The US State Department says it's raised concerns with Moscow and Cyprus about a Russian-operated ship carrying what's been described as a dangerous cargo to Syria. Media reports in Cyprus the boat's last port of call suggested that the vessel was carrying ammunition.
A court in London has ruled that a British student, Richard O'Dwyer, can be extradited to the United States, where he faces allegations of US copyright infringement. He's accused of creating a website that allowed people to view films and television shows for free. Lawyers have argued that the website simply directed users to other sites, and they say they'll appeal. Richard O'Dwyer and his mother Julia spoke outside the court.

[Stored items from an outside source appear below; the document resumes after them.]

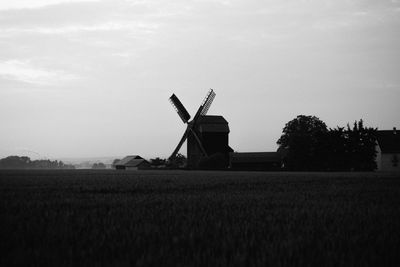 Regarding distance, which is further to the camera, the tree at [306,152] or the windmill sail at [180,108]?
the windmill sail at [180,108]

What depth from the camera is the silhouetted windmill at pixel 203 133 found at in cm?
7475

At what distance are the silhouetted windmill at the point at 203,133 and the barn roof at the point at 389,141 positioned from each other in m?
28.8

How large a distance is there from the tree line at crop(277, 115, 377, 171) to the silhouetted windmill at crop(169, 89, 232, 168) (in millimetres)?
18532

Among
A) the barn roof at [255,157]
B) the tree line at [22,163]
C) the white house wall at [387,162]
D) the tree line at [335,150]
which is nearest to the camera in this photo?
the tree line at [335,150]

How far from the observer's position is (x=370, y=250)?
4.88 meters

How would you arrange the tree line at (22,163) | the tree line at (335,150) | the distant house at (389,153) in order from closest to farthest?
the tree line at (335,150), the distant house at (389,153), the tree line at (22,163)

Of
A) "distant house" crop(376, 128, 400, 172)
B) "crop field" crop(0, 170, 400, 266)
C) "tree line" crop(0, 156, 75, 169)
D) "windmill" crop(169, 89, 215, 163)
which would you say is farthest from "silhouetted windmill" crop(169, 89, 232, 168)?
"tree line" crop(0, 156, 75, 169)

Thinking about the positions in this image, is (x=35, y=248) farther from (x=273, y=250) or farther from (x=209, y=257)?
(x=273, y=250)

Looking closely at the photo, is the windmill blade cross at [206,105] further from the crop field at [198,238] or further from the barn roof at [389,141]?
the crop field at [198,238]

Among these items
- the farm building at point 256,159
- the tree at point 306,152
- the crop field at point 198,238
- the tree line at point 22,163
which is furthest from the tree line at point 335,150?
the tree line at point 22,163

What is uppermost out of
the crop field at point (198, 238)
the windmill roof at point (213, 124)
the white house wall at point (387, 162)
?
the windmill roof at point (213, 124)

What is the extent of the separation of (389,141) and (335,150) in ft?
105

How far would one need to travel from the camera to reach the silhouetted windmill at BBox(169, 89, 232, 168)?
74750 mm

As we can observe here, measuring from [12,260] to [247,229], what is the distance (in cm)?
327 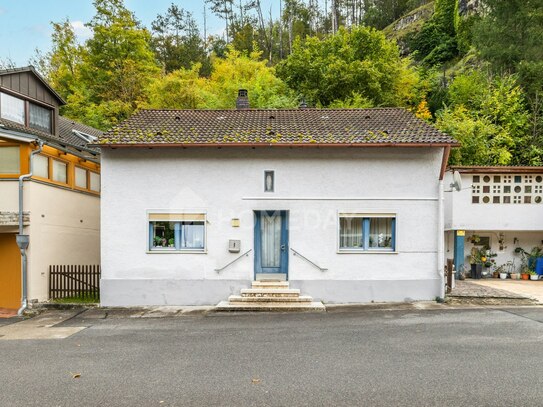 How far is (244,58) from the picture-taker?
32125mm

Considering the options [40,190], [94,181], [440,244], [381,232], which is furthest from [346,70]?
[40,190]

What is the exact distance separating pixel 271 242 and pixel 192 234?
237 cm

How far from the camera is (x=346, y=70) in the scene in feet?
89.5

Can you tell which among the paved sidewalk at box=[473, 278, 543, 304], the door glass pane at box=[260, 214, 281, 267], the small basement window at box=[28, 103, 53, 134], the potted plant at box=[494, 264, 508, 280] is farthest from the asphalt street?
the small basement window at box=[28, 103, 53, 134]

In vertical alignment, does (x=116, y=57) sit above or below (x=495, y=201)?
above

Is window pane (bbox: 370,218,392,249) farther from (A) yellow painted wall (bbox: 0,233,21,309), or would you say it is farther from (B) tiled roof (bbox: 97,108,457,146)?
(A) yellow painted wall (bbox: 0,233,21,309)

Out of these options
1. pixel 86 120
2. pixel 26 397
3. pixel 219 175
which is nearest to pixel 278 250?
pixel 219 175

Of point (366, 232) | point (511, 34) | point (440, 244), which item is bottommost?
point (440, 244)

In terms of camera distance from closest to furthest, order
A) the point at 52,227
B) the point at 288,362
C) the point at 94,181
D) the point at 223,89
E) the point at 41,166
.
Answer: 1. the point at 288,362
2. the point at 41,166
3. the point at 52,227
4. the point at 94,181
5. the point at 223,89

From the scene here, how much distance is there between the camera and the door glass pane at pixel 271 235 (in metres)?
13.4

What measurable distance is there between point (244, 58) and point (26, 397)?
2923cm

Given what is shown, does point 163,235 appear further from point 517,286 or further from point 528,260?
point 528,260

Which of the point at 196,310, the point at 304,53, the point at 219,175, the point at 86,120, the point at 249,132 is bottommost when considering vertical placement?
the point at 196,310

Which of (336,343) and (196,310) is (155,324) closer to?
(196,310) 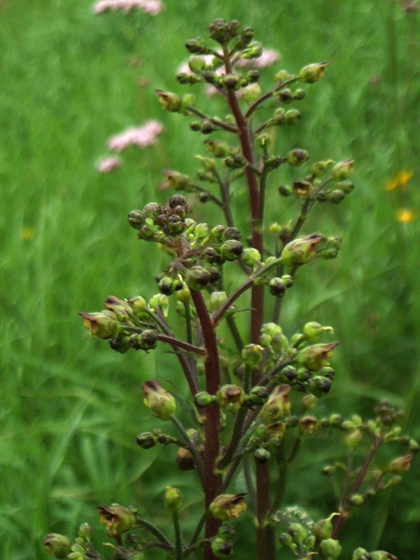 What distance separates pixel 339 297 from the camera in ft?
7.29

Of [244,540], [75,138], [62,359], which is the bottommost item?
[244,540]

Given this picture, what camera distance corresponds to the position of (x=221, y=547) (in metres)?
0.95

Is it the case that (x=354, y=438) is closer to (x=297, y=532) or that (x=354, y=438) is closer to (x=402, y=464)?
(x=402, y=464)

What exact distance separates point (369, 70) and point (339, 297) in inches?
76.4

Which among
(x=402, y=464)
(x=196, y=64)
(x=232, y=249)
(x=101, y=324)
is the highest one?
(x=196, y=64)

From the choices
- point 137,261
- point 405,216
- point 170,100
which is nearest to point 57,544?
point 170,100

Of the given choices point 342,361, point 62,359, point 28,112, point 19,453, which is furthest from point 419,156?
point 28,112

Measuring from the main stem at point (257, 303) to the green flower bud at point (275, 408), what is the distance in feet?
0.79

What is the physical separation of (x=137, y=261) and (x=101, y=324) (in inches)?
62.8

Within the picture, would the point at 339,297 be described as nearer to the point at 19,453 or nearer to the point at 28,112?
the point at 19,453

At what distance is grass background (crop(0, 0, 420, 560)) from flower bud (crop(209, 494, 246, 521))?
717mm

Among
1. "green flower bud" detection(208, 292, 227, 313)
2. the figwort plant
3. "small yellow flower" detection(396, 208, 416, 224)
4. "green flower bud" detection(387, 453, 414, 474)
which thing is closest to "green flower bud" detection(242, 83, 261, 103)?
the figwort plant

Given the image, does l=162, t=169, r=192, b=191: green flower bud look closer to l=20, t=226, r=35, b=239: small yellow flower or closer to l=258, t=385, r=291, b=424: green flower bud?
l=258, t=385, r=291, b=424: green flower bud

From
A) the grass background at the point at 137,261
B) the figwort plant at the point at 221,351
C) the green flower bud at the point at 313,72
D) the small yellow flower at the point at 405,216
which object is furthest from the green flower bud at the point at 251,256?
the small yellow flower at the point at 405,216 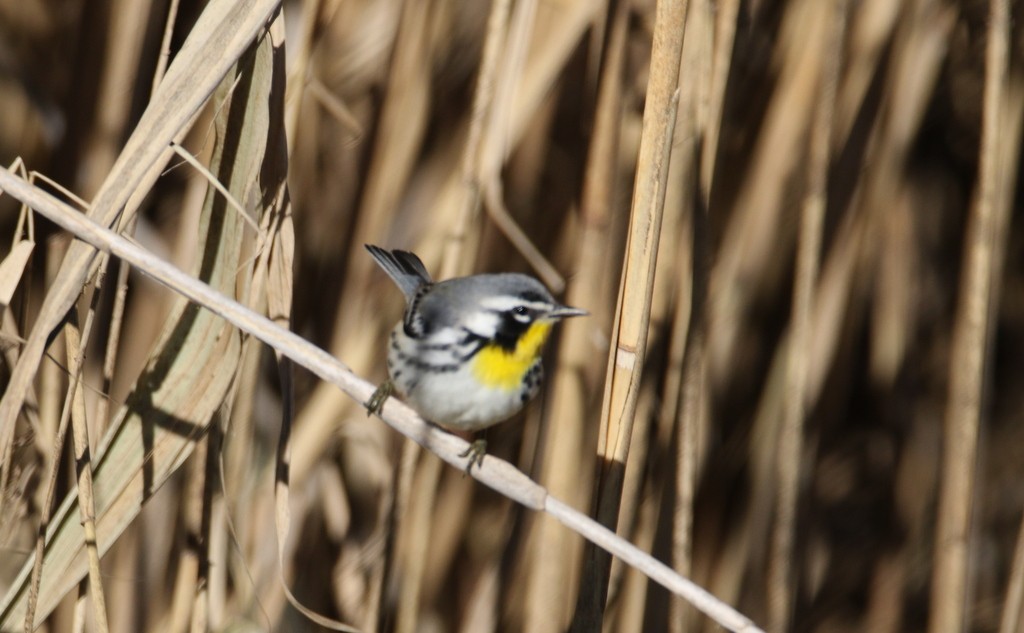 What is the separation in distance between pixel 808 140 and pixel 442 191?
816 millimetres

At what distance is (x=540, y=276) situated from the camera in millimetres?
2277

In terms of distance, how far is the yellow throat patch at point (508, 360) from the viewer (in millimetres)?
1919

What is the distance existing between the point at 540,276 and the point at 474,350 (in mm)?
364

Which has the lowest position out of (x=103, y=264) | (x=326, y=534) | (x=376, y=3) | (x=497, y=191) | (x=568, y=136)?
(x=326, y=534)

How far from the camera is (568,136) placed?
254 cm

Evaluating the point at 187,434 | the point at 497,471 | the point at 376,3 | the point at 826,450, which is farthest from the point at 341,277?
the point at 826,450

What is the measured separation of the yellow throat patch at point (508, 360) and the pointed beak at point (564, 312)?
72mm

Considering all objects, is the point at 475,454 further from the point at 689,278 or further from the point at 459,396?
the point at 689,278

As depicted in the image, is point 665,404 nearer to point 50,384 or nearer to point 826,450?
point 50,384

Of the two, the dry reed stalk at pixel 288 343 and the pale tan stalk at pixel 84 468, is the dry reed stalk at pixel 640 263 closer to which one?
the dry reed stalk at pixel 288 343

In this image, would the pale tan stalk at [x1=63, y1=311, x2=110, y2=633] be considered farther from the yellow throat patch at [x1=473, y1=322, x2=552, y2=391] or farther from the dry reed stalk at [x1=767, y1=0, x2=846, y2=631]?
the dry reed stalk at [x1=767, y1=0, x2=846, y2=631]

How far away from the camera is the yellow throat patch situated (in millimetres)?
1919

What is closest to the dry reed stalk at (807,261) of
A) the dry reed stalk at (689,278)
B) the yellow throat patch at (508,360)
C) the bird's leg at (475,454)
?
the dry reed stalk at (689,278)

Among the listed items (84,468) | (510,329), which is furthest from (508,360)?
(84,468) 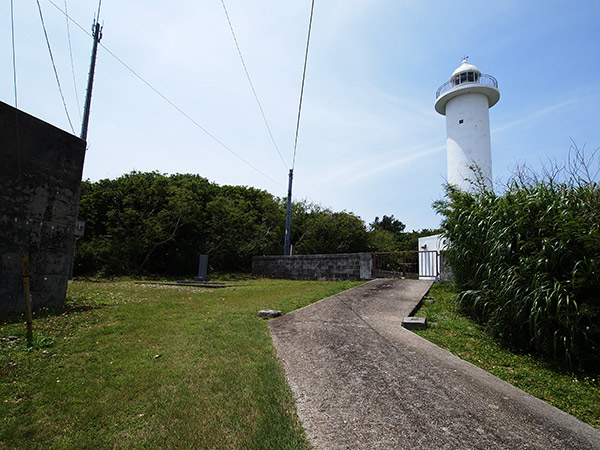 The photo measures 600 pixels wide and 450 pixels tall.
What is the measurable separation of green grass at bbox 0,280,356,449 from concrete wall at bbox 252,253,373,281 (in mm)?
7923

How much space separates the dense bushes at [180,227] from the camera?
1534cm

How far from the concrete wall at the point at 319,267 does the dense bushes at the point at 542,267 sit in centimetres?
682

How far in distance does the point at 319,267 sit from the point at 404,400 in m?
11.5

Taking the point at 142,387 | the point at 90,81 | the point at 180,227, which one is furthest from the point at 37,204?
the point at 180,227

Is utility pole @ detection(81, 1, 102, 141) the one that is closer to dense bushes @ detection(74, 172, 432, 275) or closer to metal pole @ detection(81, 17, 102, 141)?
metal pole @ detection(81, 17, 102, 141)

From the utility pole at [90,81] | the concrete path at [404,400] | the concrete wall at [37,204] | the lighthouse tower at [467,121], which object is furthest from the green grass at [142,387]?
the lighthouse tower at [467,121]

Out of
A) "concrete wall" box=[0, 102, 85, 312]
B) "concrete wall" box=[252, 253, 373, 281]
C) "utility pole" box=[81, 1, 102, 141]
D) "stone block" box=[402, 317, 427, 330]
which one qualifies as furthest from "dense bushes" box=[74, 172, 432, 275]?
"stone block" box=[402, 317, 427, 330]

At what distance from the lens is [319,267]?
46.8ft

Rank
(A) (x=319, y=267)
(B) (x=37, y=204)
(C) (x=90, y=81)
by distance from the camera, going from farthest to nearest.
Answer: (A) (x=319, y=267)
(C) (x=90, y=81)
(B) (x=37, y=204)

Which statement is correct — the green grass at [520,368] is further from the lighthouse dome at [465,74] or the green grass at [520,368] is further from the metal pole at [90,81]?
the lighthouse dome at [465,74]

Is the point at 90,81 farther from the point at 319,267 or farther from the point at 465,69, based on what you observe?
the point at 465,69

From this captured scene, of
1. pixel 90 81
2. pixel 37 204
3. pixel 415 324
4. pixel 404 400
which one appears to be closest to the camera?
pixel 404 400

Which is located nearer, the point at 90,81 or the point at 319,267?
the point at 90,81

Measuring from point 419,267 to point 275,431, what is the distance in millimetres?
9538
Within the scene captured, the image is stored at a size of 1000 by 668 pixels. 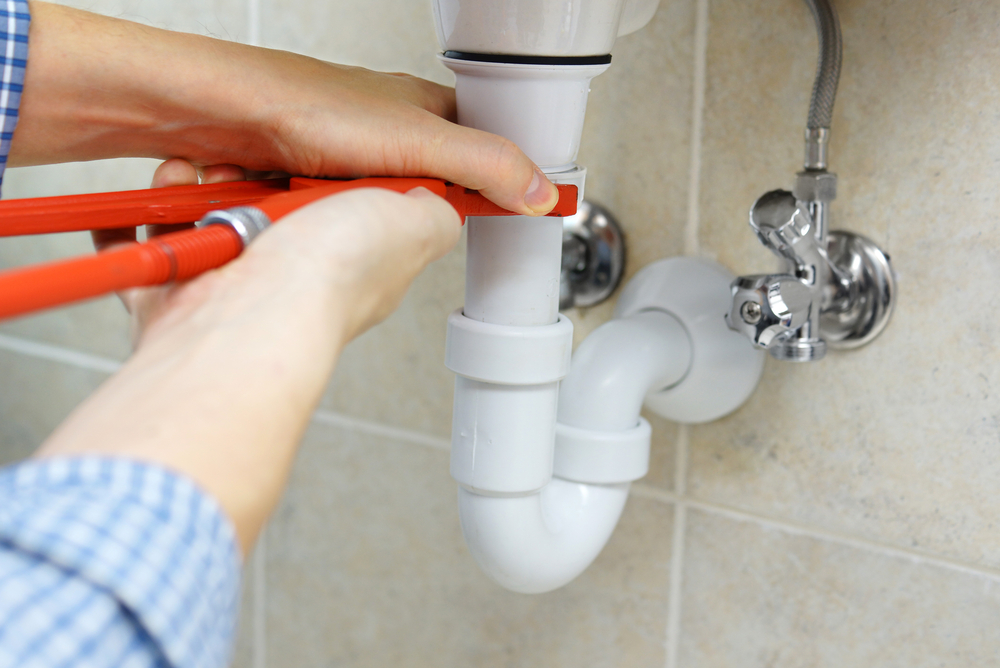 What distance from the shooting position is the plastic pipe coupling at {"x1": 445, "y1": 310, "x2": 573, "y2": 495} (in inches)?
15.0

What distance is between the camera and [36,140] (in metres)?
0.38

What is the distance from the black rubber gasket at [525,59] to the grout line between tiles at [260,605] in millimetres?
493

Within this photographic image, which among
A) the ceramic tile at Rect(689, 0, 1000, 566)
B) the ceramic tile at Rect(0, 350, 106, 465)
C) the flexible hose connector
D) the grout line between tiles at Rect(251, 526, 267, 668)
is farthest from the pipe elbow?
the ceramic tile at Rect(0, 350, 106, 465)

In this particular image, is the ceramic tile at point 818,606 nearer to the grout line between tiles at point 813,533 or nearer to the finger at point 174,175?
the grout line between tiles at point 813,533

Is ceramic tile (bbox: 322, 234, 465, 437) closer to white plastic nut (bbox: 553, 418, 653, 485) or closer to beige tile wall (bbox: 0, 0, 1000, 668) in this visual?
beige tile wall (bbox: 0, 0, 1000, 668)

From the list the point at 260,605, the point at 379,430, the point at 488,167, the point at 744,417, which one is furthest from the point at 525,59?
the point at 260,605

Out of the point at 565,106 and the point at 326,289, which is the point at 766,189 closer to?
the point at 565,106

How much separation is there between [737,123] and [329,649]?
1.68ft

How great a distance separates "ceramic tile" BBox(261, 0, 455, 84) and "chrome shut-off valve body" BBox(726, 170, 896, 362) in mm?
250

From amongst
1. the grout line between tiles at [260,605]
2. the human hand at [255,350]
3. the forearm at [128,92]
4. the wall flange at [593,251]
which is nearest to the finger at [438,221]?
the human hand at [255,350]

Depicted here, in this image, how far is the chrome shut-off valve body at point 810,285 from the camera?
1.32 ft

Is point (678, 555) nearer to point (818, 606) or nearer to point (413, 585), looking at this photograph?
point (818, 606)

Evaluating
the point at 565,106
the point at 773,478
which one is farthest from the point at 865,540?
the point at 565,106

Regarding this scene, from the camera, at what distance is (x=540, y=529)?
43 cm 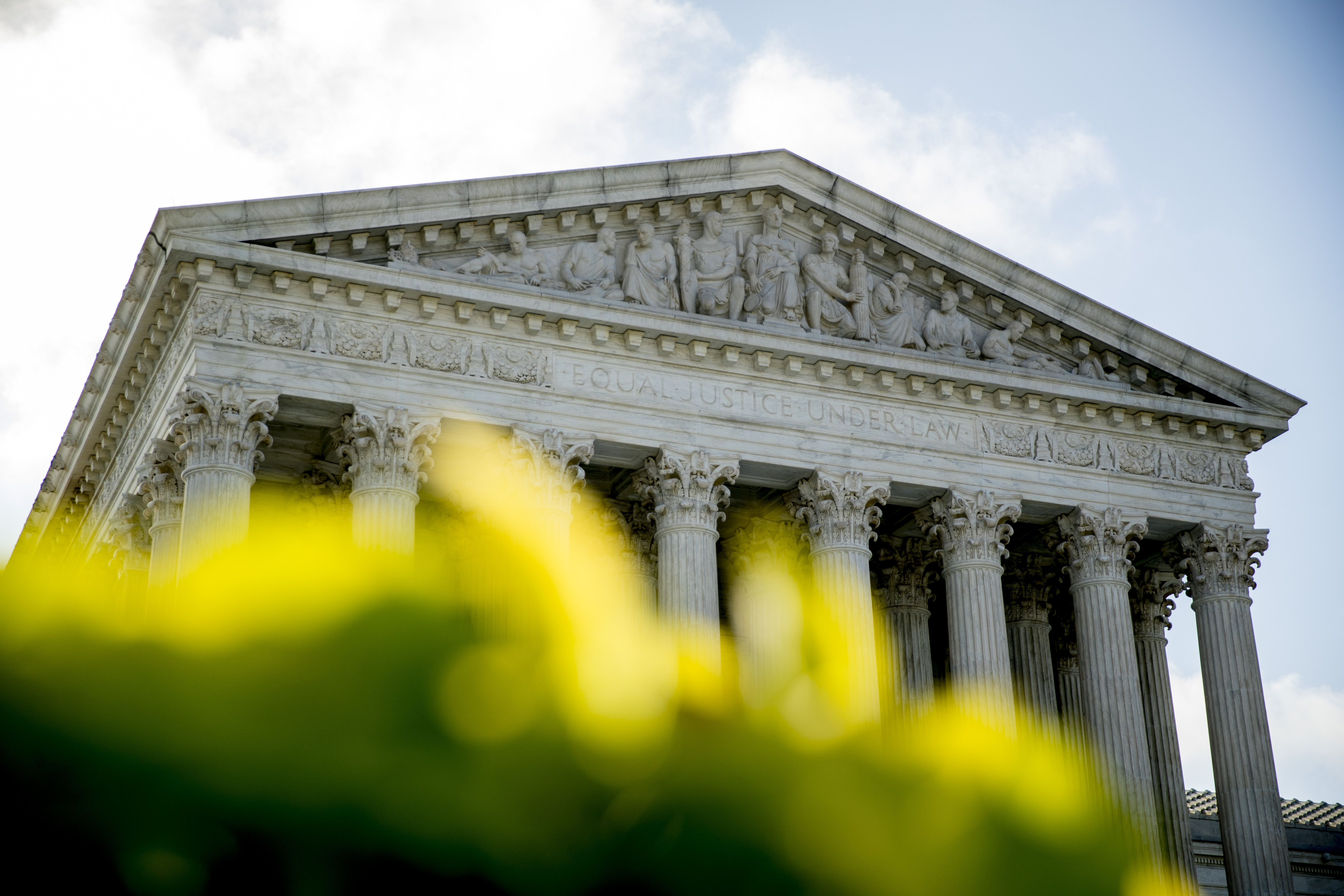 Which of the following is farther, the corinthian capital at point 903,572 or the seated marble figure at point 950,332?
the corinthian capital at point 903,572

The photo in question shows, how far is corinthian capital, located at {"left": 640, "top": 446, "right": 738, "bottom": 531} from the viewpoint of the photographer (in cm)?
2966

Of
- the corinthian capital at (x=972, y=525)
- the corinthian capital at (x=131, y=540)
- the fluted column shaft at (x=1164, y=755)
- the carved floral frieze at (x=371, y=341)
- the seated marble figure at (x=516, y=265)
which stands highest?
the seated marble figure at (x=516, y=265)

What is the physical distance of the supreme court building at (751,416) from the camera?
27.5 meters

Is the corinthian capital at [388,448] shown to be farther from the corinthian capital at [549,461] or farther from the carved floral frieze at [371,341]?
the corinthian capital at [549,461]

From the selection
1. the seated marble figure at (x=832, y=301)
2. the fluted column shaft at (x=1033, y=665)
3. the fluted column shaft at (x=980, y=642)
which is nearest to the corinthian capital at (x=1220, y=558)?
the fluted column shaft at (x=1033, y=665)

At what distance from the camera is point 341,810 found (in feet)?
36.7

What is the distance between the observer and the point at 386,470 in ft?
89.9

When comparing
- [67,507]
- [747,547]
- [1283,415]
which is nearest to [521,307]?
[747,547]

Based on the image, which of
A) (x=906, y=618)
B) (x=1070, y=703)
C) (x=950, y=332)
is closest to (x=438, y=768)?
(x=950, y=332)

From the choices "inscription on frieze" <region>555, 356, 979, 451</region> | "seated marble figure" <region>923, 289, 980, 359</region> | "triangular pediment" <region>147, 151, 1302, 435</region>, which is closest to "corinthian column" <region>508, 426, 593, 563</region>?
"inscription on frieze" <region>555, 356, 979, 451</region>

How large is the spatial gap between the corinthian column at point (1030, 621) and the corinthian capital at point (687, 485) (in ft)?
31.4

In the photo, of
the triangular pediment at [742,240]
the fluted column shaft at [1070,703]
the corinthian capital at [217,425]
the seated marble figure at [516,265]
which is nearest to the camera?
the corinthian capital at [217,425]

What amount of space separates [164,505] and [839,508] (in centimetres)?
Answer: 1265

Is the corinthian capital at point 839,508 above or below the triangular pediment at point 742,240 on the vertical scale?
below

"I'm obviously disappointed with the judge's decision today. I think I've got faith in the High Court in making the right decision. It just seemed like a bit of a guinea pig activity."
"Disgusted. I'd hoped for better from the judge. Disappointed with this government for signing us up to this treaty which has opened the floodgates to America to come and seize British citizens without even having set foot out of this country."
The World Boxing Association has ordered a rematch between the British boxer Amir Khan and the American Lamont Peterson after a controversial fight last month. The WBA said it was concerned about a number of questionable decisions by the referee and the presence of an unauthorised man apparently distracting the judges during the scoring process. Khan was defeated on points and lost his WBA and IBF titles.